Linder Sterling: ‘Super women are coming into their own’
Linder Sterling tells Rolling Stone UK about the genesis of her latest exhibition, Women in Revolt!, and the place of punk in 2023.
“Women in Revolt! is an exhibition of women’s ingenuity, joy, rage, daring and triumph,” says artist and musician Linder Sterling.
Known for her subversive photomontages which splice images from consumer culture and glossy glamour magazines, the likes of which grace the sleeves of Buzzcocks’ Orgasm Addict, as well as for founding the Manchester-based post-punk outfit Ludus, it’s no surprise that Linder’s work sits amongst the abundance of women artists included in Tate Britain’s latest show.
Presenting two decades of radical feminist ideas set against a backdrop of social, economic and political change, Women in Revolt! features more than 100 female artists working in the UK. Spanning everything from punk and protest, and ending with the collapse of the Thatcher regime, this celebration of women’s enduring struggle to be heard and their invaluable contribution to British culture is explored through painting, photography, collage and much more. “Each time I visit I learn something new and this newness spurs me on beyond the doors of the museum,” Linder tells Rolling Stone UK.
With a career that has spanned over five decades, Linder’s work has been informed by and played witness to an ever-shifting cultural landscape and attitudes towards women and their places in and contributions to society. In this interview with Rolling Stone UK, Linder gives her thoughts on the impact of such a curation of work in the context of now, the notion of ‘punk’ in 2023, and the intersection of art and music.

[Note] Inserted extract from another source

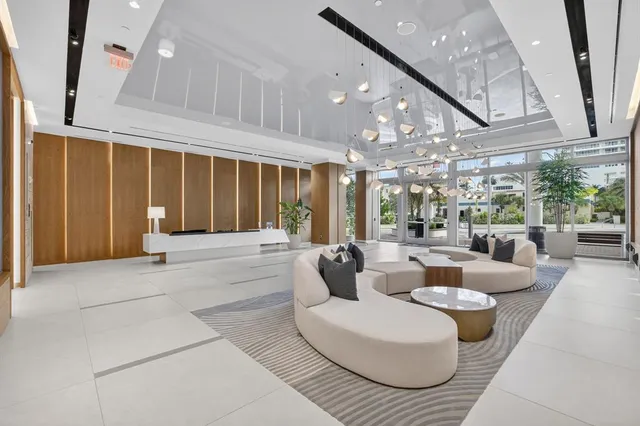 $12,500 | 151 North Seabreeze Boulevard, Unit 1803E, Fort Lauderdale, FL 33304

You’ve made artwork for Buzzcocks and Magazine, performed in a meat dress long before Lady Gaga and incorporated choreography and music into the Diagrams of Love installation. I wondered if you could explain a little about the intersection of music and art for you? When you founded Ludus alongside your art practice, how did one influence the other and, maybe, did it ever feel like there were limits to one that the other allowed for in what you were trying to say?

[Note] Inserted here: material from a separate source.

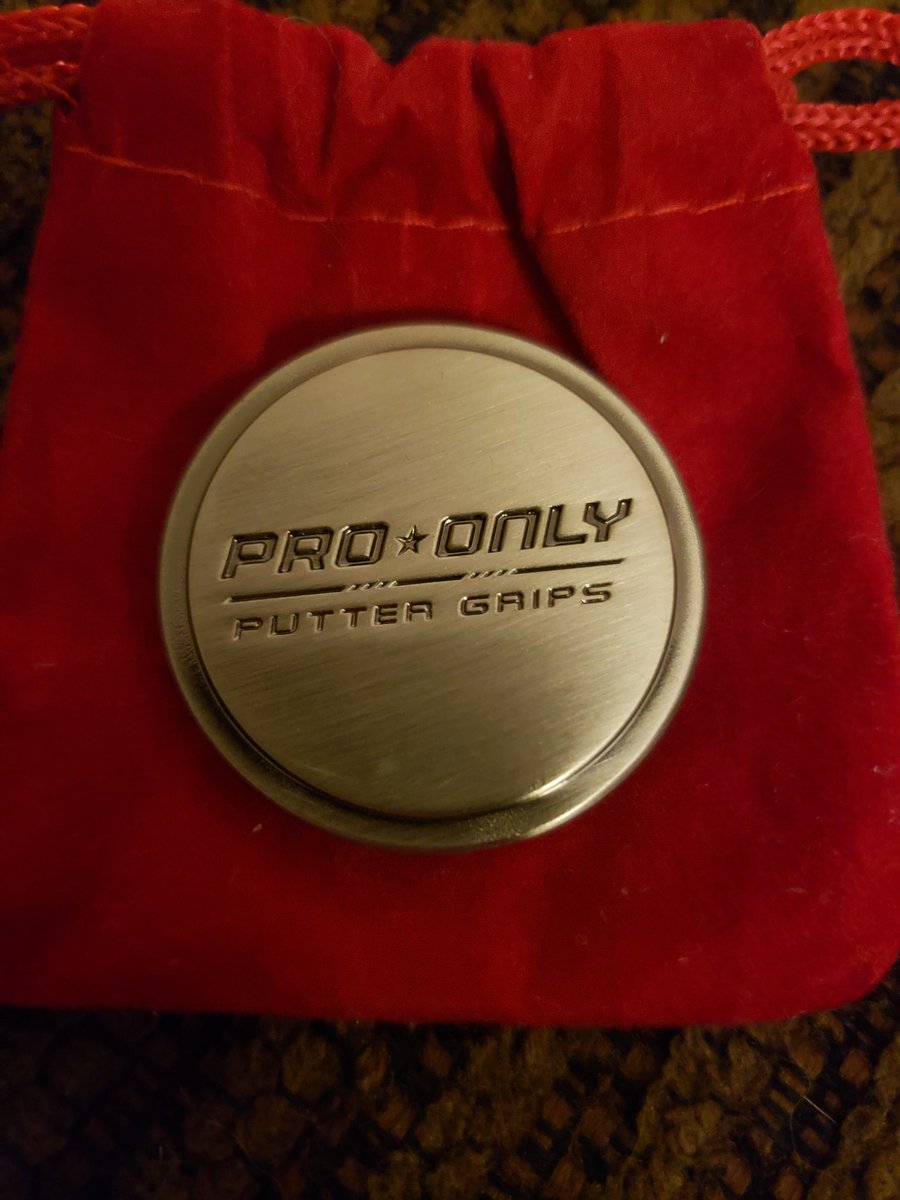 datdudejmoney10's tweet image. @golfpridegrips thank you for the new ball marker #ProOnly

Linder Sterling: As a child growing up in Liverpool in the 1960s, I was karmically privileged to experience the birth of pop music on a very visceral level. The sound of the Merseybeat permeated every home that I knew of. Earlier in the 1950s, Liverpool had birthed Lita Rosa, the first woman to ever have a number 1 hit in the UK charts. I grew up then with the sense that rock and pop were always just around the corner, and that glamour could be home grown and in abundant supply.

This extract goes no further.